Kent Nagano ha diretto musiche di Ligeti nel centenario dalla nascita e pagine di Haydn. Al pianoforte Mari Kodama
BOLZANO, 5 dicembre 2023 – Ascoltata oggi, molta musica del novecento appare inesorabilmente datata. Sono pochi i compositori che hanno attraversato indenni la prova del tempo, tanto da poter godere della stessa considerazione dei classici. A questa élite appartiene György Ligeti, di cui il centenario dalla nascita cade proprio nel 2023. E per celebrare la ricorrenza l’Orchestra Haydn – affidandosi alla sapiente bacchetta di Kent Nagano – gli ha dedicato un concerto molto ben impaginato: anzi, costruito secondo una vera e propria drammaturgia, che accostava il compositore scomparso nel 2006 a Franz Joseph Haydn, vissuto due secoli prima.

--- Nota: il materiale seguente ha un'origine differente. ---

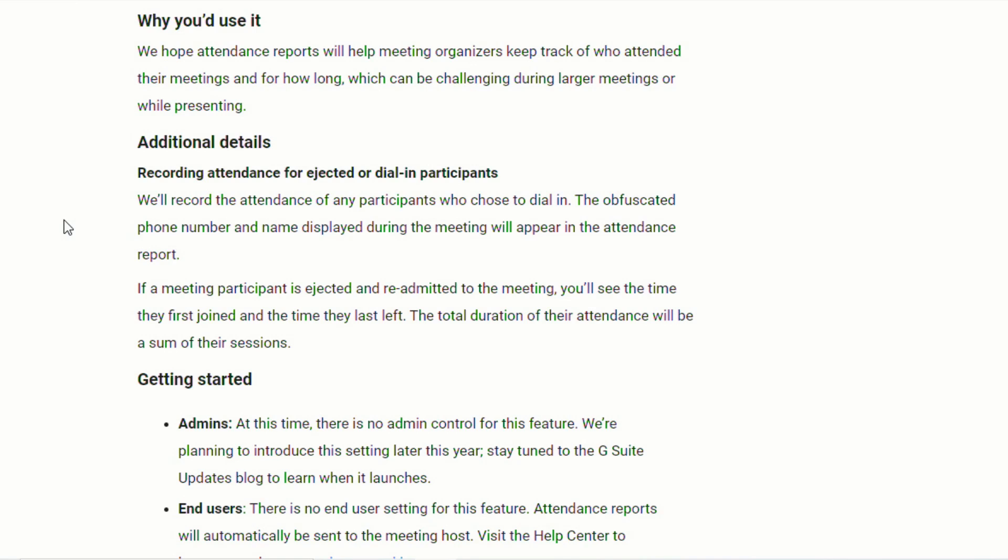they will receive their own attendance for who participated, when they came in, when they left, just like the teachers would have. Now it's also important to note that they do say that even the students who call in and use the dial-in function will have their attendance taken as well.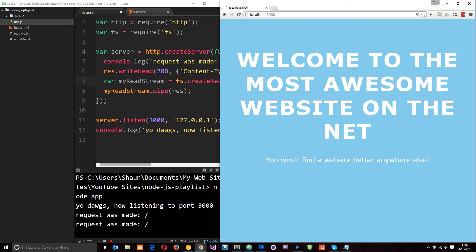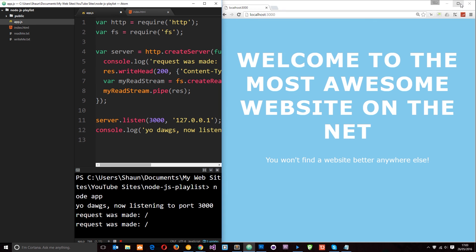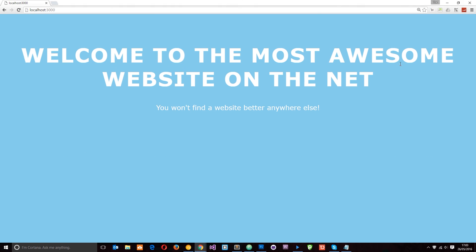What we've done this time is instead of sending plain text to the browser, we've gone ahead and created an HTML file, and we've sent that to the browser. Instead, we've specified that it's HTML here, and we've supplied the path to the file, and we've sent it to the browser. So that is how we serve up HTML to a client.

Del resto il legame tra il più adamantino esponente del classicismo e il musicista ungherese, ma austriaco d’adozione, non è solo un mero dato geografico, ma una testimonianza della profonda ammirazione che Ligeti provava nei suoi confronti. Autore di atmosfere musicali indimenticabili – se ne accorse il regista Stanley Kubrick, che utilizzò alcuni suoi brani per 2001: Odissea nello spazio, così come per Shining e Eyes Wide Shut – in gioventù Ligeti aspirava a diventare scienziato. Tracce di questa originaria passione sono evidenti nella rigorosa forma musicale che seppe imprimere ad alcune sue partiture: analizzate con attenzione, riescono a evocare i concetti-chiave di numerose discipline scientifiche.

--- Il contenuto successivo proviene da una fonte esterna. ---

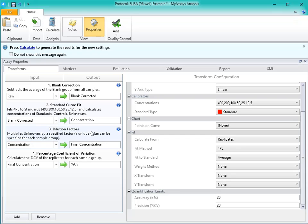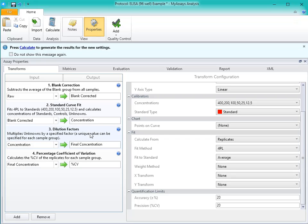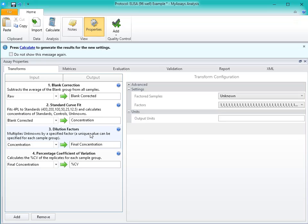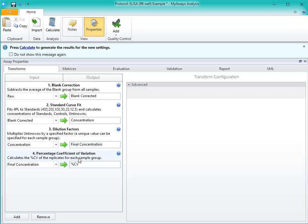Next, you'll see the Dilutions Factor Transform, which will contain the same information as the Dilution Factors tab. Finally, we have a PercentCV Transform, which will calculate the percentage coefficient of variation between the replicates of our samples. This is a useful measure of precision and can be used to identify sample preparation issues.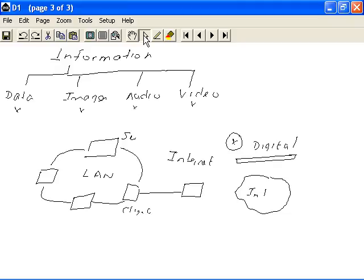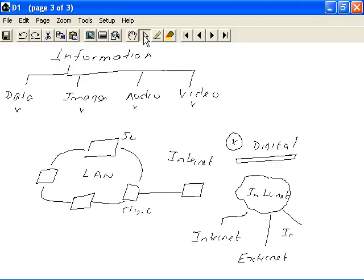When we talk about the internet, we will also look at a few different constructions of it. The first is the intranet, which is within a company. The second is the extranet, which expands beyond a physical location to include branch offices of a company. The third is of course the internet itself. The intranet is the smallest, encompassing a particular company, while the extranet goes beyond one physical location.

Rientra in questa logica il Poema Sinfonico per 100 metronomi, con cui si è aperto il concerto all’Auditorium di Bolzano. Concepito nel 1962 per il movimento Fluxus e con una durata inizialmente prevista di cento minuti, qui però ridotta a otto, fu ispirato – al di là dell’inequivocabile intento ironico e provocatorio – dall’idea di riprodurre il ticchettio di apparecchiature meccaniche. Oggi, tuttavia, un brano come questo è divenuto di assai complessa realizzazione per la mancanza dei metronomi stessi (la Fondazione Haydn si è attivata, lanciando un appello per ottenerli in prestito dagli eventuali proprietari), ormai resi obsoleti dai dispositivi digitali odierni. Gli strumentisti della Haydn, con Nagano sul podio, si sono collocati nelle loro posizioni abituali, hanno poi azionato gli apparecchietti che ciascuno aveva davanti, e – una volta iniziata la scansione del tempo, che ha dato origine a una divertente poliritmia – hanno lasciato le loro sedie, abbandonando il palcoscenico insieme al direttore. Quando anche l’ultimo metronomo ha cessato di battere è entrata in azione Mari Kodama per eseguire al pianoforte l’Omaggio a Girolamo Frescobaldi – undicesimo e ultimo brano della raccolta giovanile di Ligeti Musica ricercata – di cui, con esemplare precisione, la pianista giapponese ha esaltato l’andamento lieve di un contrappunto che quasi trascolora in aeree dissonanze.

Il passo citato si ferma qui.